→ Action item:
List all lines of the data containing the word "from".

--- Data extracts ---

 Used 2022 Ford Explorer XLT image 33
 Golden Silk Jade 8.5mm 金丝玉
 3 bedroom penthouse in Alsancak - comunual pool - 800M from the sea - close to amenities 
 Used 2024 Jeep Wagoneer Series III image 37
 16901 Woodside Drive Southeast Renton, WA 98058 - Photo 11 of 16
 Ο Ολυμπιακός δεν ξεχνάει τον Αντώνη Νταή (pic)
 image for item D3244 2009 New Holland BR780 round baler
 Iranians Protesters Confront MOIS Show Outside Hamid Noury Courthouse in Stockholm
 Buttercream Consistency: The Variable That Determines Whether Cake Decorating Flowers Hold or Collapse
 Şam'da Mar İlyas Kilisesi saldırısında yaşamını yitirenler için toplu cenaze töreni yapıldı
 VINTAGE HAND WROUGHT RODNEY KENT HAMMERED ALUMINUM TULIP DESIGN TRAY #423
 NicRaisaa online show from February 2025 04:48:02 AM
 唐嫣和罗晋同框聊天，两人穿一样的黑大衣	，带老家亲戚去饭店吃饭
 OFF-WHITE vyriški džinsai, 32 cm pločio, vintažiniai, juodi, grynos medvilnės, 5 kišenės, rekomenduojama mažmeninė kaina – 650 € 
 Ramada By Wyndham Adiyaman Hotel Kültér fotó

---

→ Result:
 3 bedroom penthouse in Alsancak - comunual pool - 800M from the sea - close to amenities 
 NicRaisaa online show from February 2025 04:48:02 AM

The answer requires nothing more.